AWS for Industries

Privacy-Enhanced Cross-Media Measurement: How Fifty5Blue (formerly Kantar Media) Leveraged AWS Clean Rooms to Establish Audit Transparency During Panel Data Exchange

As digital advertising continues to evolve, cross-media measurement has become a tool for advertisers seeking to understand the reach and impact of their campaigns across various platforms. To enable it, Fifty5Blue collaborated with the industry as part of the Origin cross-media measurement initiative to create a Virtual People Model. This model is based on Fifty5Blue’s representative panel of media consumers that is used for model training and ensuring comprehensive data insights across different media outlets. Until recently Fifty5blue was trading under the Kantar Media brand.

In one of the key steps of this process, Fifty5Blue had to enrich their panel with data from participating media publishers who collect advertising impression logs on their platforms. Two critical business requirements were established:

  1. Fifty5Blue needed to keep user membership in the media panel private from media publishers but at the same time receive impression logs from media publishers for the panelists.
  2. Fifty5Blue requested impression logs only for their private media panelists who had explicitly consented to Fifty5Blue for data sharing.

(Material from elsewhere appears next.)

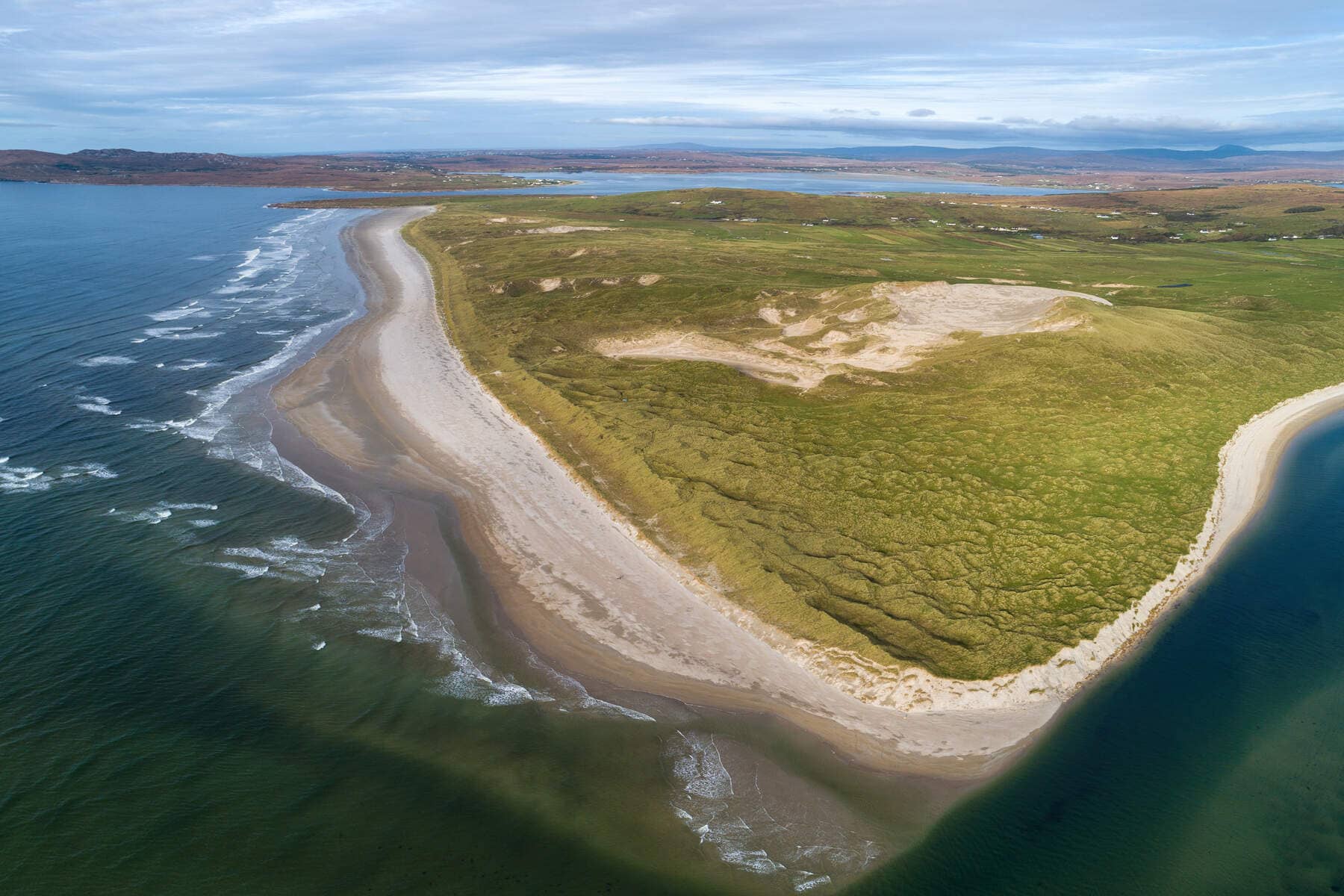 Aerial view of Dooey Beach in Lettermacaward, County Donegal, with golden sands and wild grassy dunes.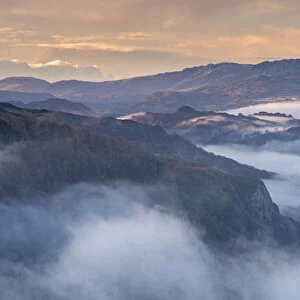 Mist shrouded mountains at dawn, Lake District, Cumbria, England. Autumn (November)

To address the business requirements, Fifty5Blue turned to AWS Clean Rooms to enable private set intersection (PSI), allowing Fifty5Blue to collaborate with publishers on their collective datasets—all without sharing or copying one another’s underlying data. Additionally, through careful configuration of Amazon Simple Storage Service (Amazon S3) bucket policies and AWS Key Management Service (AWS KMS), the implementation creates an audit trail accessible to third-party auditors while maintaining data privacy. Fifty5Blue collaborated with Meta in a pilot to test this usage of AWS Clean Rooms.

Before diving into the solution, let’s revisit the key challenges faced by Fifty5Blue grouped into three main categories that they were looking to see if AWS Clean Rooms could address.

Data Protection Challenges:

  • Fifty5Blue can only request for and receive from publishers impression data for their private media panel users who’ve given explicit consent to Fifty5Blue to participate.
  • Fifty5Blue cannot reveal their private media panelists’ identities.
  • Enable a way to conduct secure matching of users across datasets.

Audit Requirements:

  • Audit trail should be maintained to have verifiable proof that Fifty5Blue only requested data for users who have provided explicit consent to be part of Fifty5Blue’s private media panelists.
  • External auditor verification can be performed without revealing (except to the auditors) Fifty5Blue’s private media panel user membership.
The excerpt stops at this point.